The police precinct in Madrid’s Sol station.Víctor Sáinz

The solution would mean that the police precinct could reopen its doors, and would not have to be permanently relocated elsewhere. Transport chief Pedro Rollán made a visit on Tuesday to the precinct, which had to be closed due to the high temperatures that its nearly 100 employees were being forced to cope with due to the lack of air conditioning.

Technicians are studying the possibility of opening up a hole measuring two meters long and two meters wide

Rollán met yesterday with the heads of architecture from the National Police force in order to seek a solution to the problem.

The job of installing the new ventilation shaft falls to the Madrid regional government, but such a system would be limited to sucking in air from the vestibule, not blowing it back out again. “Air could never be released into that space, because it’s an interior area,” explained a government spokesperson. Technicians will now have to determine whether this proposal is feasible.
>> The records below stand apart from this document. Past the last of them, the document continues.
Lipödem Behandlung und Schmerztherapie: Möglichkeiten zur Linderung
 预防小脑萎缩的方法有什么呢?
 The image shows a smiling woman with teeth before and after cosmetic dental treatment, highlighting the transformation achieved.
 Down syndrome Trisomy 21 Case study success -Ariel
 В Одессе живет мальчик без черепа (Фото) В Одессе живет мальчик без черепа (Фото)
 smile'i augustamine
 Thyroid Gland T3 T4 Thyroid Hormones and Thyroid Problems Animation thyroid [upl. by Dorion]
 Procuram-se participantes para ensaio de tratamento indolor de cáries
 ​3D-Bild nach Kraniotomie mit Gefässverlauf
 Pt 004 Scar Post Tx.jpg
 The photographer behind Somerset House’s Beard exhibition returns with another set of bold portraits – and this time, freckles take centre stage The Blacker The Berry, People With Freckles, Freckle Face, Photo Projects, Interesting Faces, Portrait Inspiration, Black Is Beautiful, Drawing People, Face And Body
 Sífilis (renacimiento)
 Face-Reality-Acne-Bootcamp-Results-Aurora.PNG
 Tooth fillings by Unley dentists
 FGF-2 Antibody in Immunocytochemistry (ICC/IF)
The police station opened in February 2010, but the air conditioning system never worked correctly. Two years ago it stopped working entirely and was never fixed.

The situation was complicated by the fact that there are two different administrations involved: City Hall and the regional government. Both rejected the possible solutions of installing a vent that would run out of the entrance to the station, or putting in a grille in the pavement of the Puerta del Sol.

Two years ago the air conditioning stopped working entirely and was never fixed

To complicate the situation further, the police station itself is located in the area of the transport hub that is managed by state rail firm Renfe.

Sol station is home to three Metro lines, and two Cercanías regional train routes. More than 200,000 people pass through the hub every day. Due to the heat issues, the police station had been operating for some time at “half throttle.”

Police chiefs are studying another solution for the officers affected, which could involve them being relocated to nearby precincts.

English version by Simon Hunter.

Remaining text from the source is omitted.